04-22-2020 08:07 AM
I need an urgent Help.
ON friday,my environment was hung.Master server was hung and no jobs were triggered.All weeknd backups were skipped.No backups happened on the weekend.
ON monday,when we checked--no backup was there. A disaster.
We restarted all NBU services and then it wa snormal and jobs started.
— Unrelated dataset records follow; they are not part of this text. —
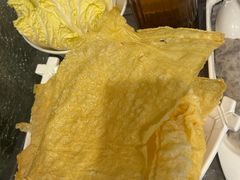 -潮汕三宝鲜牛肉火锅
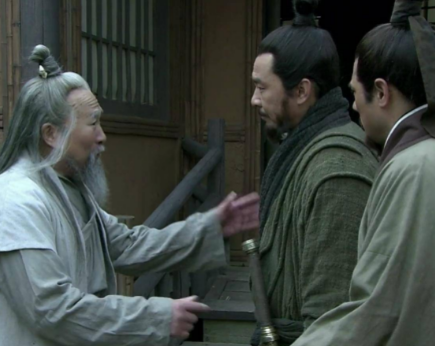 历史探秘：曹操与吕伯奢一家之死的真相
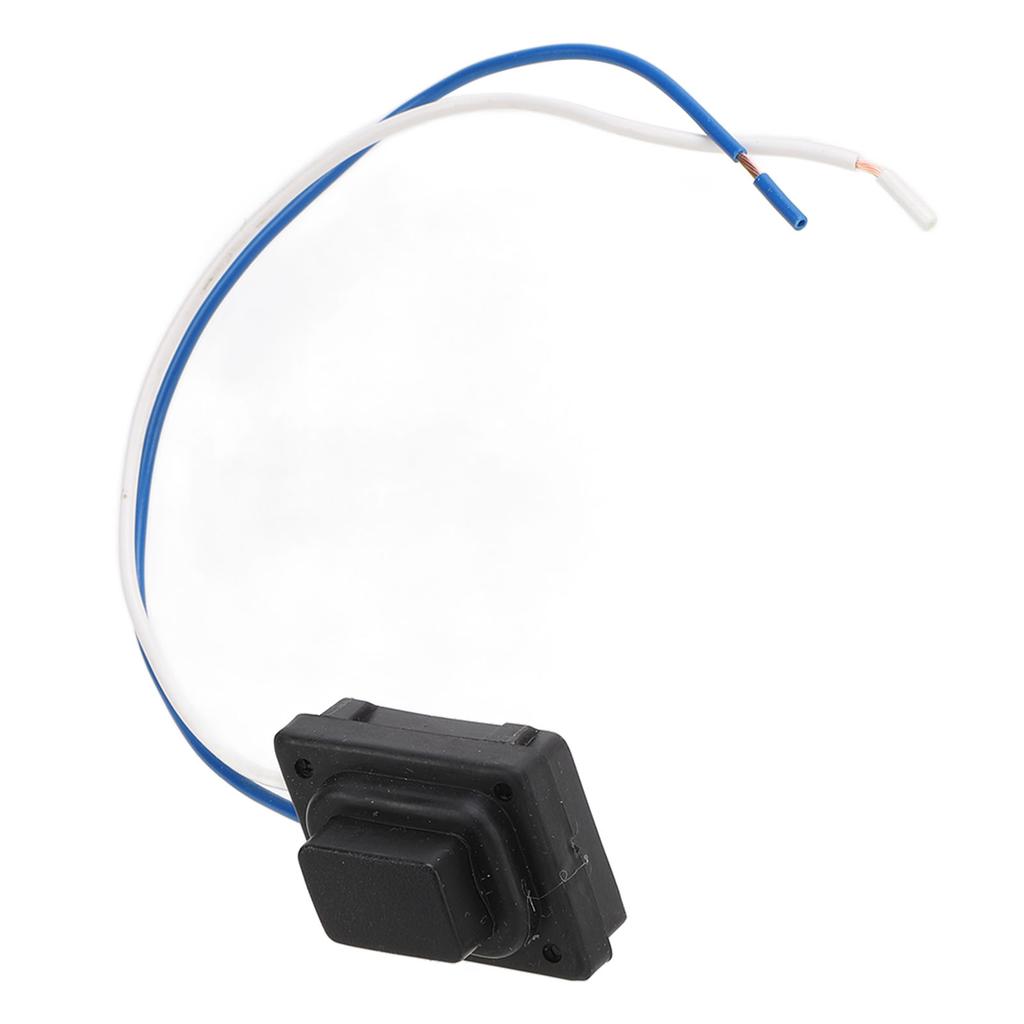 Gumowy przycisk przełącznika klamki przednich drzwi Wysoka wytrzymałość Standard OEM Długa żywotność dla Sportage 2016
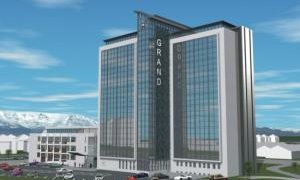 Grand Hótel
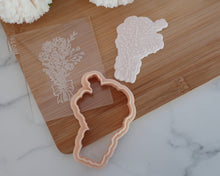 Load image into Gallery viewer, Bouquet Embosser / Cutter - Made in the UK with Love  from House of Toot Sweet - Just £6! Shop now at House of Toot Sweet
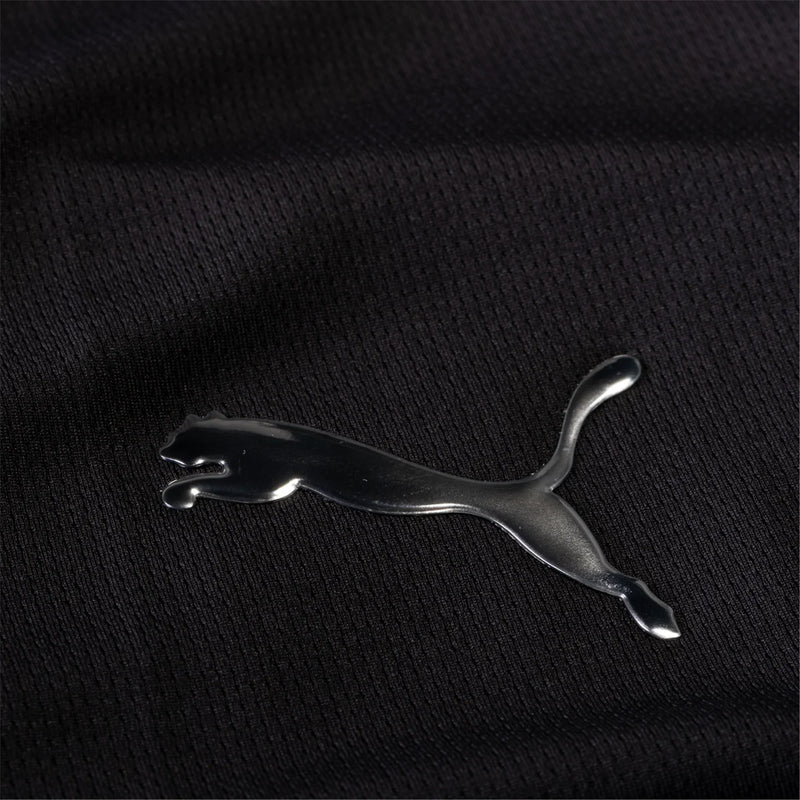 Camisa Manchester City 25/26 II Away - Manga Longa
I need a kind of script or rule so that I can able to know that No jobs are running on the master server(its hung) .
NBU : 8.1.1
04-22-2020 08:16 AM
Perhaps list the backups that have ran in the last X number of hours, then send an email to you if the number of jobs is less than Y jobs?
04-22-2020 08:18 AM
Opscenter also has this alert that may help:
|Master Server Unreachable||An alert is generated when OpsCenter loses contact with the master server.|
04-22-2020 08:30 AM
Thanks.But no such errorrs have been received.
04-22-2020 08:32 AM
You would need to set it up.
04-23-2020 11:09 AM
You could always configure a "healthcheck" policy, schedule it to run once an hour, back up your hosts or version file or such, expire immediately (because you don't care about the data, just the success/failure of the job), and send it to the destination of your choice.
Then configure the monitoring solution of your choice (a script, OpsCenter, etc.) to see if the policy has run in the last 2 hours or such (to avoid issues due to peak backup windows, etc. ). If it hasn't, cut a ticket or otherwise alert someone.
This can even be expanded slightly to deliberately write to tape as a method of confirming that your tape library is functional too, if you don't have anything else keeping an eye on that.
You just have to watch out for scheduled maintenance windows or you'll end up with a few extra tickets. =)
04-23-2020 06:14 PM
04-24-2020 04:10 AM
Hi John Nardello1,
04-24-2020 11:39 AM
I think the healthcheck process would be unique for each organization.
05-05-2020 12:54 PM
I would bet that this is related to your nbpem cache filling up.
I've only seen this happen on Windows masters, but it isn't exclusive to them. You don't receive an alert because none of the processes stop, and the server is functioning as expected...with the obvious exception that none of your backups are running. It's very tricky, as jobs that were active when the cache fills up will continue running, making it appear as though everything is working fine.
There are quite a few documented issues with nbpem, and the below EEB is available (albeit for 8.1.2). Might be worth logging a case to check with Support to see if there is a patch for 8.1.1.